Кому-то может показаться странным, что королевское жалованье вместе с дополнительными доходами не обеспечивало нам с учителем зажиточное существование. Но средства профессора оказались полностью истощены переездом из Венеции, и для обустройства в Париже пришлось сделать займы. Проценты у парижских ростовщиков просто грабительские, особенно если залог составляют вещи, кажущиеся им недостаточно ценными, как старинные книги или что-то подобное. Жалованье казна платила без задержек только при Кольбере, а заказы на фейерверки тоже пошли не сразу. Оплату за обучение приходилось вносить в полном размере: в Парижском университете существовали коллегиумы с льготами для небогатых студентов, но они были организованы по принципу землячеств и мне заведомо не подходили.
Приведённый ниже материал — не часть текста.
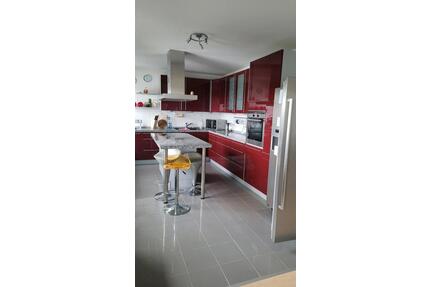 sofort bezugsfertige 3,5 Zimmer Wohnung - Hilden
Наставник шутил, что мы с ним теперь живем как настоящие аристократы — главную статью расходов составляют проценты по долгам. У нас были все основания считать себя счастливее других, потому что многим приходилось гораздо тяжелее. Седьмой год шла война за наследство Виттельсбахов, Францию поразил страшный неурожай, сотни тысяч бедняков умерли от голода или ожидали подобной участи. Цены на хлеб взлетели до небес.
Иногда мне приходилось сопровождать профессора в служебных поездках, чаще всего это были посещения селитряных варниц, не далее двадцати или тридцати лье от столицы, и продолжались они не дольше недели. И вот однажды, летом девяносто пятого года, он заявил, что предстоит длительное путешествие: мы отправляемся во Фландрию, в действующую армию. Я до утра не мог заснуть от волнения: кажется, мои мечты о воинских подвигах осуществятся! Действительность оказалась более прозаичной. С пороховым обозом мы тащились по равнинам Иль-де-Франс и холмам Пикардии так долго, что едва успели принять участие в знаменитой бомбардировке Брюсселя, предпринятой Виллеруа для отвлечения противника от Намюра. Я должен защитить маршала от обвинений в жестокости, часто предъявляемых ему за превращение огромного богатого города в дымящиеся руины. Жителям была дана возможность заблаговременно выйти из-под обстрела, и немногочисленные жертвы составили в большинстве мародеры из городской черни, застигнутые французскими бомбами на месте грабежа. Зрелище грандиозного пожара было чрезвычайно впечатляющим.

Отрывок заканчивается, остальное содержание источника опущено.